The attack came a day after a company-sized unit of Islamic
State fighters using truck bombs tried to break through Iraqi
lines to Ramadi, briefly seizing the city's Palestine bridge
before being stopped and repelled, said Warren, a spokesman for
the U.S.-led military coalition.
"In each place ISIL was able to muster an offensive effort,
which tells us that they've still got some fight left in them.
However, and much more importantly, in each fight Iraqi forces
were able to rebuff ISIL's efforts," Warren told a Pentagon
teleconference, using an acronym for Islamic State.

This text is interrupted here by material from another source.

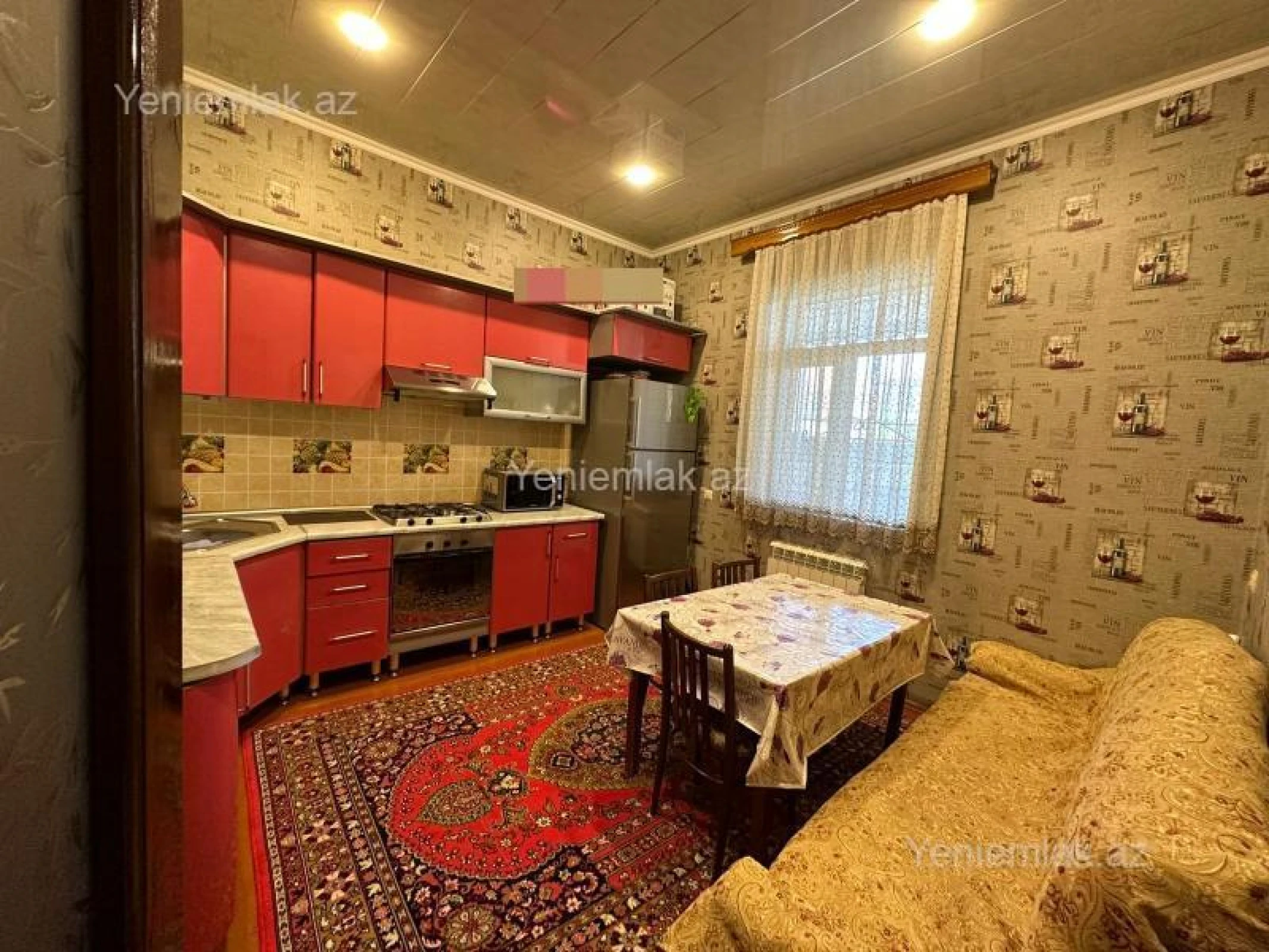 Satılır 3 otaqlı həyət evi 120 m²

"This is still a war ... so we shouldn't be Pollyanna-ish
about that," he added. "On the other hand, what this tells us
also is that the forces we're aligned with ... are now becoming
solid fighting forces."
The fight in northern Iraq began at 4:17 p.m. local time on
Wednesday when Islamic State fighters in small groups using
filtration tactics opened fire with rockets on a peshmerga
position near the village of Bashiqa, not far from the town of
Tal Aswad, Warren said.
The rocket fire kicked off the attack by a battalion-sized
force of fighters that temporarily broke through the Kurdish
lines at Tal Aswad, Bashiqa and Nawaran using construction
vehicles like excavators to breach berms and other defensive
positions, he said.
Warplanes from five coalition countries responded with
overnight air strikes, dropping about 100 precision munitions
that destroyed the construction vehicles, killed nearly 200
militants and slowed the attack until peshmerga forces regrouped
and repelled them the following morning, Warren said.
Canadian forces at a headquarters unit several miles behind
the Kurdish lines contributed mortar fire to help the peshmerga
stop the Islamic State fighters, Warren said. While U.S. forces
are advising the peshmerga in some areas, they were 15 miles (25
km) or more from this fight, he added.
"This is the most significant attack that the enemy has been
able to mount, really since Ramadi (was captured in May). And if
this is all they've got, things are going to begin to get worse
and worse for this enemy," Warren said.
The initial Islamic State attack on Ramadi on Tuesday
morning broke through Iraqi defenses on the Palestine bridge
north of the city, opening the way toward the military's Anbar
operations center, Warren said.
But Iraqi troops were able to regroup, stop the attack and
destroy Islamic State's truck bombs before they could damage the
operations center, Warren said. With coalition air support, they
were able to counterattack and regain control of the bridge.
Some 59 Islamic State fighters were killed.